Poisson regression with both response and explanatory variables as counting
By : elviiis04
Date : March 29 2020, 07:55 AM
wish helps you The problem seems like it could be well modeled with Poisson regression. The residual variance should NOT be "homogeneous". The Poisson model assumes that the variance is proportional to the mean. You have options if that asumption is violated. The quasibiniomial and the negative binomial models can also be used and they allow some relaxation of the dispersion parameter estimates. If the number of quota units owned by fishers sets an upper bound on the number used then I would not think that should be used as an explanatory variable, but might better be entered as offset=log(quota_units). It will change the interpretation of the estimates, such that they are estimates of the log(usage_rate).

linear regression with compositional explanatory variables
By : Carlos Eduardo Ferre
Date : March 29 2020, 07:55 AM
will help you You can remove any one of the variables and perform standard linear regression. The reason is that given n1 variables, you can uniquely determine your nth variable. Thus, the nth variable is not required.

Is there a way of identifying the values of explanatory variables in a logistic regression at the end of a function?
By : user2735301
Date : March 29 2020, 07:55 AM
this one helps. I have a matrix called all.confusion.tables which contains a table of predicted values versus actual values for explanatory variables. I then apply a misclassification rate function to this and it gives me an output which looks like , Simple stuff: code :
x < rnorm(8) # some dummy data
setNames(x, c("age","lwt", "race", "smoke", "ptl", "ht","ui","ftv"))

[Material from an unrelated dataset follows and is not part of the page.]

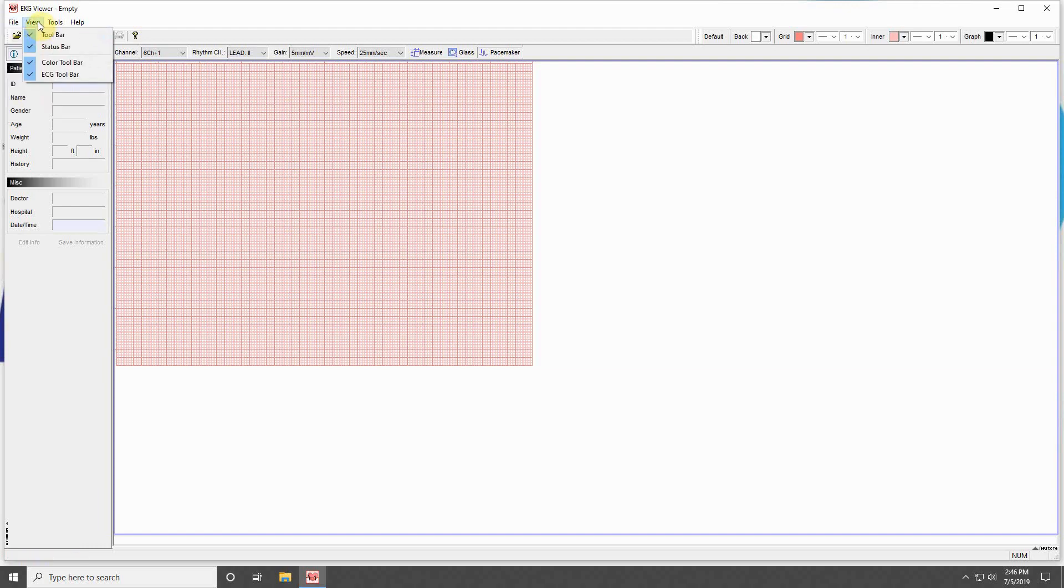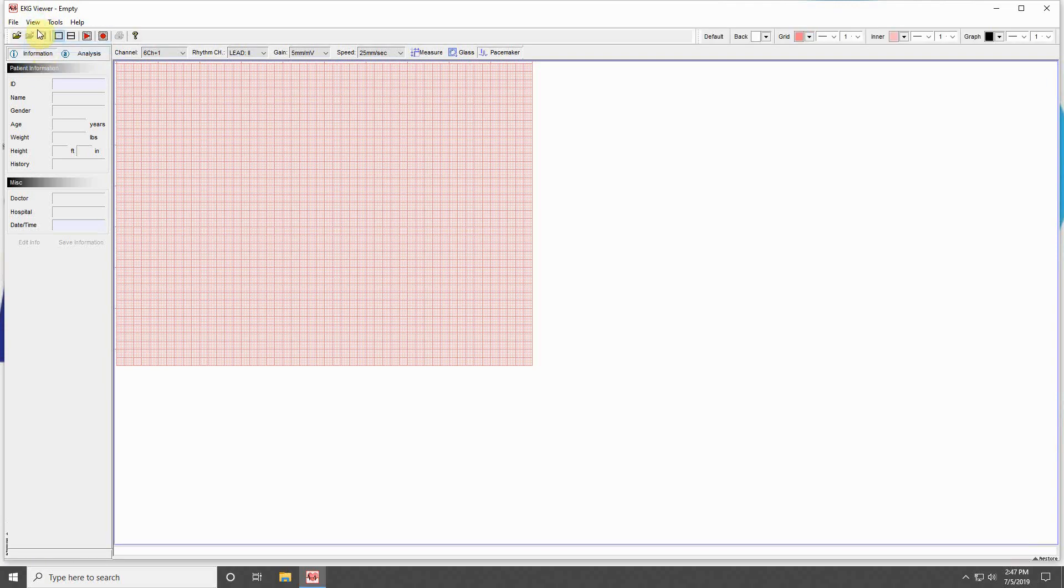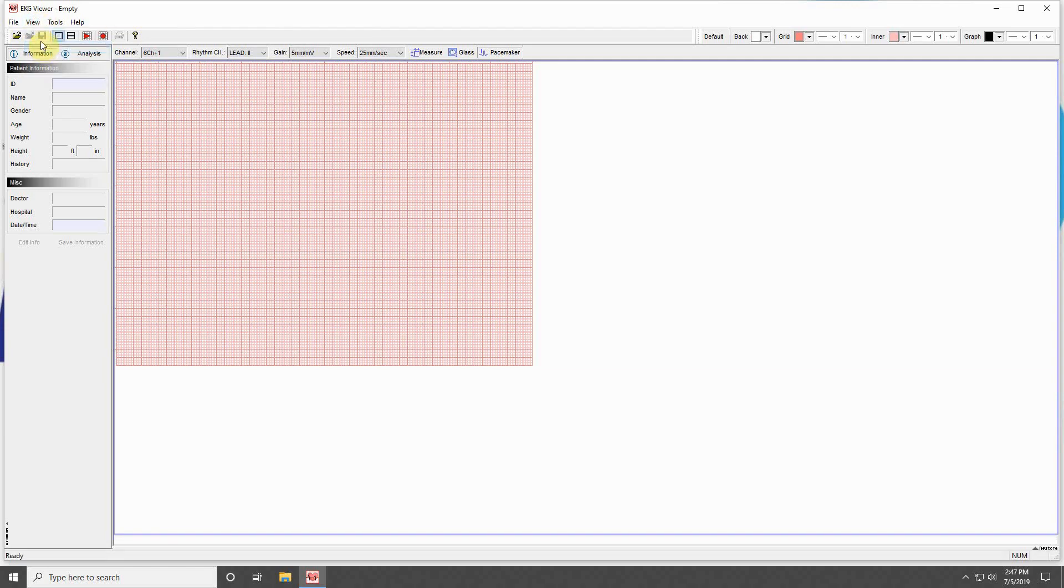The View menu allows you to choose which toolbars you would like to display in the program. The toolbars with the check next to them are currently displaying on the main screen.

Naming explanatory variables in regression output
By : La Vara
Date : March 29 2020, 07:55 AM
I wish this helpful for you Searching through the source, it appears the summary() method does support using your own names for explanatory variables. So: code :
results = sm.OLS(y, X).fit()
print results.summary(xname=['Fred', 'Mary', 'Ethel', 'Bob'])
OLS Regression Results
==============================================================================
Dep. Variable: y Rsquared: 0.535
Model: OLS Adj. Rsquared: 0.461
Method: Least Squares Fstatistic: 7.281
Date: Mon, 11 Apr 2016 Prob (Fstatistic): 0.00191
Time: 22:22:47 LogLikelihood: 26.025
No. Observations: 23 AIC: 60.05
Df Residuals: 19 BIC: 64.59
Df Model: 3
Covariance Type: nonrobust
==============================================================================
coef std err t P>t [95.0% Conf. Int.]

Fred 0.2424 0.139 1.739 0.098 0.049 0.534
Mary 0.2360 0.149 1.587 0.129 0.075 0.547
Ethel 0.0618 0.145 0.427 0.674 0.365 0.241
Bob 1.5704 0.633 2.481 0.023 0.245 2.895
==============================================================================
Omnibus: 6.904 DurbinWatson: 1.905
Prob(Omnibus): 0.032 JarqueBera (JB): 4.708
Skew: 0.849 Prob(JB): 0.0950
Kurtosis: 4.426 Cond. No. 38.6
==============================================================================
Warnings:
[1] Standard Errors assume that the covariance matrix of the errors is correctly specified.